I filled out the 4 Question Survey as follows:

  1. $500,000
  2. 1 year or less because I am in retirement
  3. $1,667 per month (I’m using the 4% rule as I have no information on my consumption smoothing yet)
  4. Conservative. I want Capital Preservation at least in the early years. I do not want to lose money in retirement in the early years, because it will be too hard to replace it if I have no other source of income.
  5. Results are:
    • Expected Return $1,850,647.00 with Expected Standard Deviation of 5.36%
    • I understand these results include Fund Fees but not AB’s Advisory Service Fees
    • According to the chart I can increase my withdrawal amount to $4,000 a month in which case I will still have $310,163 left after 20 years.
    • The chart is very smooth so I assume it is using average returns. Is this correct?
    • How “real” are the expected returns given the increasing market volatility of late?

The chart is the result of using the figures above.
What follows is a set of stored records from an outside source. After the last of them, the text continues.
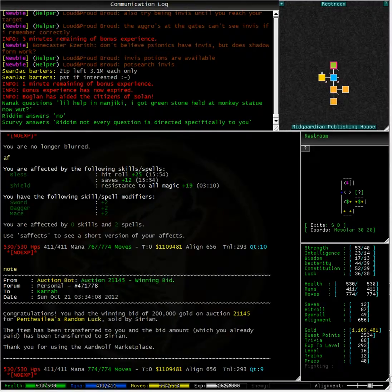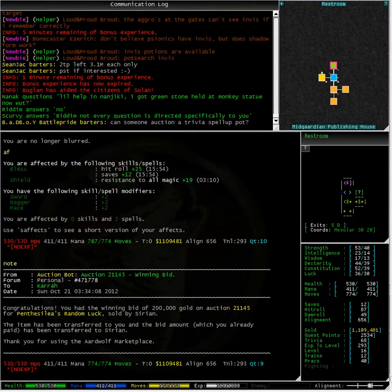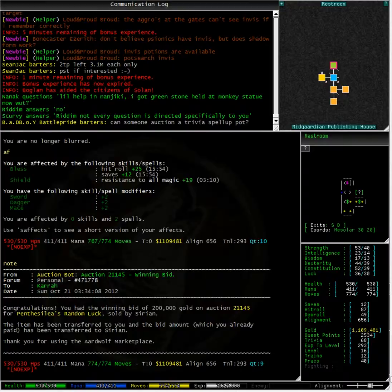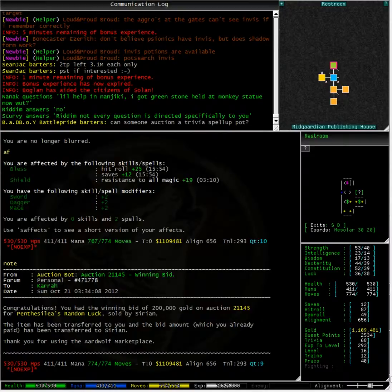I have just received a personal note. Congratulations, you had the winning bid of 200,000 gold on auction 21145 for Pentessalia's random luck, sold by Syrian.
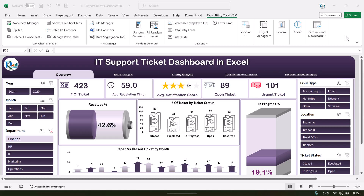Hello friends, welcome back. My name is PK. In this video we will show you how we have created this IT support ticket dashboard in Microsoft Excel. As you are seeing on my screen, we have created this IT support dashboard.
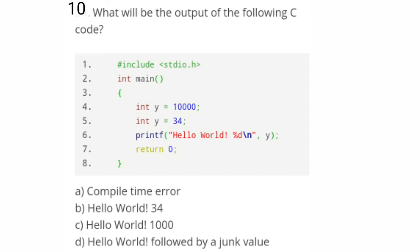Q9: scanf is a predefined function in which header file — answer is option C: stdio.h. Q10: A code is given with int y = 10000 and int y = 34, then printf("Hello World\n", y). Since y is declared twice with values 10000 and 34, the second declaration overrides the first, so the output will be 'Hello World' followed by 34 — option B.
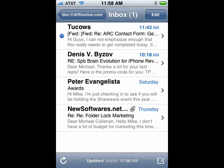Now the iPhone comes with Gmail, but it looks like this, and it doesn't have all of the functions that make Gmail so special, like all of your labels, the ability to archive, the ability to access Google Documents, and lots more.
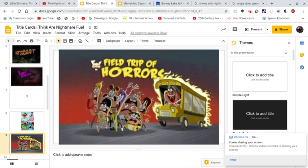Apparently, the reason why I think this is nightmare fuel is because of the fact that it looks like the bus driver is about to run over those poor human beings. This is something unsettling for a kid to look at, in my opinion.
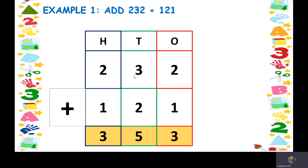This is how we add a three-digit number. It is exactly the same as how we used to add a two-digit number — absolutely the same. The only difference is that here we have one more column, which is the hundreds place.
Unfortunately the two questions above did not get responses. I believe they were just missed when Scott went through the emailed list of questions.

Here are the other 7 I asked;

1. The Performance Table above is representative of a compilation of the selected funds to achieve a probabilistic return for a measured level of risk. How is it done and how does it compare to “real” returns for those funds compiled together?

The expected return and standard deviation are just that, “expected”— they are the result the you would expect over a long period of time. Results will vary significantly over shorter time periods. You can get an idea of how much variation by considering the standard deviation. If the expected return is 10 percent and the standard deviation is also 10 percent, that means your return will range between 20 percent and 0 percent in two of every three years. In the third year the performance will be outside that range.

2. How does AssetBuilder cater for Retirees as it is a 20 year expected return and not a 20-30 Year income distribution chart? Will my nest egg survive?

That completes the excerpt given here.